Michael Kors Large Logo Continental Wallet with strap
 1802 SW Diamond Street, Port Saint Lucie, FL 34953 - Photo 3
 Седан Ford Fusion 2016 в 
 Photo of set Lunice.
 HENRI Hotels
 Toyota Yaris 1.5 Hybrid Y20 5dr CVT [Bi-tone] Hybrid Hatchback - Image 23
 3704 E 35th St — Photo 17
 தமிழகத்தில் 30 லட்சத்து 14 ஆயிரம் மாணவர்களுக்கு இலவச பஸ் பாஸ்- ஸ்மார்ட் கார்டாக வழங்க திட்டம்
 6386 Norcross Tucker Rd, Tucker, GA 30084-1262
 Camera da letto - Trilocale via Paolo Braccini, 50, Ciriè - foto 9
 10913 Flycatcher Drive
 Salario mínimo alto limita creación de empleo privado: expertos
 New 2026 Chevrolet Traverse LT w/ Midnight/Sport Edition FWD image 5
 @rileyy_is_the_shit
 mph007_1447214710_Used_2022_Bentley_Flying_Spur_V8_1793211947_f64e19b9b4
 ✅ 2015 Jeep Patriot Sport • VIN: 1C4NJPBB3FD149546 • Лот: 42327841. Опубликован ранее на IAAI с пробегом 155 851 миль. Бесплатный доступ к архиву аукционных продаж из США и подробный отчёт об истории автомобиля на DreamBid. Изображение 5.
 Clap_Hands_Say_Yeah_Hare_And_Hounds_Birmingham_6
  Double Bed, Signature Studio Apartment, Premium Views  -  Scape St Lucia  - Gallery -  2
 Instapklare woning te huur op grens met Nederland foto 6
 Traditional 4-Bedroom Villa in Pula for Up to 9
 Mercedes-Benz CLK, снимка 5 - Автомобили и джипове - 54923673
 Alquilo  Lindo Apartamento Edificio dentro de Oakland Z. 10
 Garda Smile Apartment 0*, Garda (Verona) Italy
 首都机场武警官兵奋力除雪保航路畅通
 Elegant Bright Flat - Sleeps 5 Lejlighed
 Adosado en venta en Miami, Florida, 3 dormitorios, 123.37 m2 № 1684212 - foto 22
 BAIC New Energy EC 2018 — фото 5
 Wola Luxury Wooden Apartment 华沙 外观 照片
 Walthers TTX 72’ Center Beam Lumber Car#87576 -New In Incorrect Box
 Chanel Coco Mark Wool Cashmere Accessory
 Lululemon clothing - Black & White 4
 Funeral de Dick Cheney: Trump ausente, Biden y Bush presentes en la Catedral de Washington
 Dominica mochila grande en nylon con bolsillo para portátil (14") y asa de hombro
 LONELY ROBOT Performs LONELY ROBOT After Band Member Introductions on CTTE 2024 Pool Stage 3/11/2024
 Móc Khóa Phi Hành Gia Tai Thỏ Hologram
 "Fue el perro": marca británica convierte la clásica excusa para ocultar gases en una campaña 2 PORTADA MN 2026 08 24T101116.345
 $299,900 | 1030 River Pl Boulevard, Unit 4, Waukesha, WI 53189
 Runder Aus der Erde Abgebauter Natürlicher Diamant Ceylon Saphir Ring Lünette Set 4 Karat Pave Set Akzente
# # #
== WHAT YOU WILL DO ==
What is the number of lines in the material above that include "para"? Answer with the number only.

== EXERCISE OUTPUT ==
2